All in all, this is a reasonably balanced view of Afghanistan, given its auspices. The War Memorial is not renowned for asking fundamental questions about our wars and Masters was working for the Memorial. It is to be hoped that the full story of Australia’s Afghanistan involvement does not take as long to come out as did the redacted story of our Iraq involvement. When that full story does arrive it may be possible to make a proper judgement about whether the dedicated and skilled men and women interviewed by Masters made a difference to Afghanistan, as well as being part of the premium paid on the American ‘Alliance’.

A further, more important question remains: might this skill and commitment have been better employed in places where there could be a sharper focus on doing good as the main purpose of the involvement, not just as something jammed into the interstices of a brutal war (though played up for public relations purposes) while a wary eye is kept on ‘locals’ who want to do you harm – and who are more than likely to unpick much of your good work within a couple of years of you leaving (as reports about Uruzgan post-Australia and Afghanistan generally suggest)?

Wau_refugee_camp_3 Wau refugee camp, South Sudan (Wikimedia Commons/J. Craig/VOA)

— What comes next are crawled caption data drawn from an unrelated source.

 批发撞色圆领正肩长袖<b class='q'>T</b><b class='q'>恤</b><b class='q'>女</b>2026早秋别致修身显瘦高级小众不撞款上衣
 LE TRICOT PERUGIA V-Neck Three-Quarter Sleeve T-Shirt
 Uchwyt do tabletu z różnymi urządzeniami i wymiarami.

If Australians fight not to conquer but to serve, as Tony Abbott used to say, why not look for opportunities for our highly trained ADF to serve where they would not be directly involved in fighting, where they could focus on serving? This would mean being driven by human needs rather than by the imperatives of the Alliance or the need to work out regularly with ‘our American cousins’ or try out expensive military kit purchased from US companies. This year, 2017, may well see hundreds of thousands of refugee deaths in camps in Nigeria, Somalia, South Sudan, and Yemen. Those places could do with some help from highly trained army medics, skilled engineers, and good-hearted uniformed professionals generally.

Finally, there is left the question that hangs over all our wars – the same question that Henry Reynolds dealt with in Unnecessary Wars. Beyond the assurance that our boys and girls, in Rugby League coach Jack Gibson’s terms, ‘done good’, beyond the professional satisfaction (and promotion opportunities and on-the-job testing and training) obtained by servicemen and women, beyond the Alliance pay-offs, can we be sure that Australian governments properly weigh the costs in lives and psyches, Australian and non-Australian, before they get into adventures like Afghanistan and Iraq? There is nothing in these DVDs that helps answer that question. Worthy attributes like professionalism, dedication, patriotism, and yes, mateship, deserve not to be prostituted to unworthy causes.

Endnote

[1] Honest History would love to receive a response from the Memorial on this point and, as always, we undertake to reproduce the response without amendment. We do not hold out much hope that there will be such response, as contesting with constructive critics – or even responding to straightforward queries in a timely manner – is not the Memorial’s forté.